Thursday, February 21, 2013

Saving data into cPickle format (in Python)

I recently created a python script which generated a huge-ass dictionary, which I wanted to save and use later in another program. The simple solution was simpy to print my dictionary and pipe it into txt file. However, the txt file ended up being almost 500MB large, and using eval() to parse the text string into a Python object took around 5 minutes. Enter the cPickle module. cPickle uses a C implementation of handling pickled stuff, which effectively means that it's faster. In my case loading time decreased to few seconds, and the size of the cPickle'd file was 50% of the plain .txt file.

Here are a couple of snippets to get you started using cPickle. First import cPickle. The cPickle module should be included in most Python distributions
import cPickle
In this example, we have an array called "large_array" created by the "create_large_array()" function.
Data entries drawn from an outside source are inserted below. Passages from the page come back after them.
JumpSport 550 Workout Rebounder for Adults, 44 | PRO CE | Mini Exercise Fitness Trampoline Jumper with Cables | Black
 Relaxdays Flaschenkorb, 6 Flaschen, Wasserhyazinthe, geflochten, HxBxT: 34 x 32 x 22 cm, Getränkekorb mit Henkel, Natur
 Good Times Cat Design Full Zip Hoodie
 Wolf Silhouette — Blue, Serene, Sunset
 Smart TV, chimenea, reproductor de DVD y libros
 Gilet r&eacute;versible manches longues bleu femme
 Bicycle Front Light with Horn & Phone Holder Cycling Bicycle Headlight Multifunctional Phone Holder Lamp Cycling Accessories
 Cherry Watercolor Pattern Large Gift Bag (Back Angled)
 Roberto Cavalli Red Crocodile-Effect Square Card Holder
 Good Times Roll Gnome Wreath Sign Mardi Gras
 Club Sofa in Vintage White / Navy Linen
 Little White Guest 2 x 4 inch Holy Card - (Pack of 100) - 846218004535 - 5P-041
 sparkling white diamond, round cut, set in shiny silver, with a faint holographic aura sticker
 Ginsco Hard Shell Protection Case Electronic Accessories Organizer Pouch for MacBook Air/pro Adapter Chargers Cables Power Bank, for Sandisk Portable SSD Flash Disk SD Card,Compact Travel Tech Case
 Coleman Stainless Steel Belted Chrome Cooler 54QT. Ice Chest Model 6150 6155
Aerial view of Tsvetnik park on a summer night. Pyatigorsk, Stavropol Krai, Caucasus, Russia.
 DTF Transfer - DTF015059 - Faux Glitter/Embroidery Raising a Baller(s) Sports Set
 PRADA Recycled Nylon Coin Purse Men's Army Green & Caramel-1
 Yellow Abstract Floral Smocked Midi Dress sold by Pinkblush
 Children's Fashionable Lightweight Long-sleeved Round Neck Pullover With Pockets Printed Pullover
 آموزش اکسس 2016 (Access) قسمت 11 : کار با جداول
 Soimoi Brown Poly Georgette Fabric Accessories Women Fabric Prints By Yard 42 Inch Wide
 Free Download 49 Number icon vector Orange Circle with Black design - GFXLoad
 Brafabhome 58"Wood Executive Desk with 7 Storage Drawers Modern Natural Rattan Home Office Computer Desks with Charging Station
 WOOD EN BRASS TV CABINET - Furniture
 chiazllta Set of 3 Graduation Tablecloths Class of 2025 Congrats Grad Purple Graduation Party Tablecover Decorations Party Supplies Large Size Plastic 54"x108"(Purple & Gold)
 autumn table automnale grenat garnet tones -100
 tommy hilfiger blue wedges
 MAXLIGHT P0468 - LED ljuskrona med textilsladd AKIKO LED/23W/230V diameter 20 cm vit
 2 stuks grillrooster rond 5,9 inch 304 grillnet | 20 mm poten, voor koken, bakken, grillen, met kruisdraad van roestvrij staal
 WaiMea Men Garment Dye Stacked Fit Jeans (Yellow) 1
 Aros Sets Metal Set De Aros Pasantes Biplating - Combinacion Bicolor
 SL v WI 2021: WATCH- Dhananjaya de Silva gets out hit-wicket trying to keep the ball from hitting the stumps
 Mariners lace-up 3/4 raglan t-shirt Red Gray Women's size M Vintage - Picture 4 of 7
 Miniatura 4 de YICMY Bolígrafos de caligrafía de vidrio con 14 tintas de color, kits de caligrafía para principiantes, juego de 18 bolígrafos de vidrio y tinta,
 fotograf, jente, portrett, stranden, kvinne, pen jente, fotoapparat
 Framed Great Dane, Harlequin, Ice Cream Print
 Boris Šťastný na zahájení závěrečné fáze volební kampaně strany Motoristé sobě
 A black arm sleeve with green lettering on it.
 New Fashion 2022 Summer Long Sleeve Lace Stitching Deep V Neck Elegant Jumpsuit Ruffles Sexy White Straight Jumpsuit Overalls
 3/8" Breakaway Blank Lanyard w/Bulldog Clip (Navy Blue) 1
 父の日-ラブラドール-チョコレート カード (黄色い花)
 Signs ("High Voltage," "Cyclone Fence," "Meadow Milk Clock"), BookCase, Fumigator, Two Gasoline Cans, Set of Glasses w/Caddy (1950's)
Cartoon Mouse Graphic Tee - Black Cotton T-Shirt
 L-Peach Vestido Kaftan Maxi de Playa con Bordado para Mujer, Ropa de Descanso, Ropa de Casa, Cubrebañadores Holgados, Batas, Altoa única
I want to store "large_array" in a file called "large_array.cpickle".
large_array = create_large_array()
output_filename = "large_array.cpickle"

f = open(output_filename,"wb")
cPickle.dump(large_array, f, protocol=2)
f.close()
In this example "open()" is called with the second argument "wb", which tells Python to open the file in write/binary mode. "cPickle.dump()" dumps "large_array" into "f" using "protocol=2". cPickle has several different modes which all do the same -- protocol 2 is the fastest.

If you want to load the array from  "large_array.cpickle" in another script, you can use something like this:
def load_pickle(filename):
    f = open(filename,"rb")
    p = cPickle.load(f)
    f.close()
    return(p)


large_array = load_pickle("large_array.cpickle")